Tara described the area’s demographics.  Miners live in Metaline Falls, Metaline, Ione, Newport, Colville and other communities.  Some grew up in the area.  Others moved there because of the mine.  Many rent apartments and stay in hotels, because mining is uncertain.  They leave their families in one place and work on contract in different places. 

Some brought their families and bought homes. 

Job opportunities are limited, so it’s uncertain how many of the region’s population of nearly 1,000—258 people in Metaline Falls, 479 in Ione, 162 in Metaline and more outside the towns—will stay.

The Selkirk School District might lose 80 of about 350 students and the state funding that comes with them. 

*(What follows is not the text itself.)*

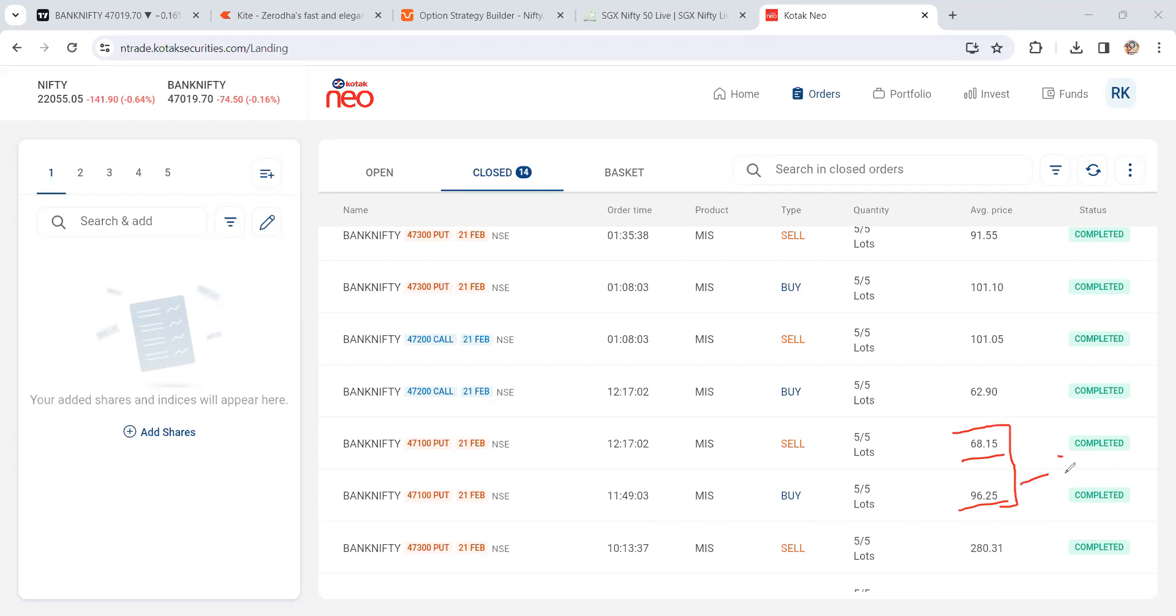Then here is 63 and 101, so almost 37 points of profit. We bought at 101 and here is 91.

Tara said few miners are in the churches.

Her church and others have experienced a decline because young and middle-aged members have moved away for jobs and older people for medical care. 

Recently, she and several pastors formed the North Pend Oreille Ministers’ Association to address why only 30 percent of the people in the area attend churches and to seek ways to help them in their lives and spiritual journeys.

“Many have no tradition of church in their lives and no sense of need to be in a church,” said Tara, who performs marriages and funerals for many of them. 

One dynamic the association has been considering is how face-to-face relationships and community have declined with access to the internet and email.

 “We see that many students go home and sit in front of the computer rather than visiting friends in person,” she said. 

Tara values sitting down with the city council in person to discuss the emergency plan, infrastructure maintenance, zoning and other issues.  She also uses email to connect with state government officials and other mayors.

The pastors recognize that church attendance is no longer the social norm as it may have been in the 1940s and 1950s.

Tara observed that even in that heyday, few 1950s TV characters went to church, and despite religious themes of ‘Seventh Heaven’ and ‘Touched by an Angel’ in the 1970s, people preferred watching a show about angels rather than talking about angels at church.

A proponent of separation of church and state, Tara added that being mayor does not draw more people to her church.

Sometimes her roles overlap.  Invited to the Veterans’ Day Dinner at the American Legion as mayor to honor the volunteer fire fighters, she was asked on arriving to bless the meal as the pastor.

“I pray often for guidance for each role I’m in, but do not lead prayer at city council,” she said.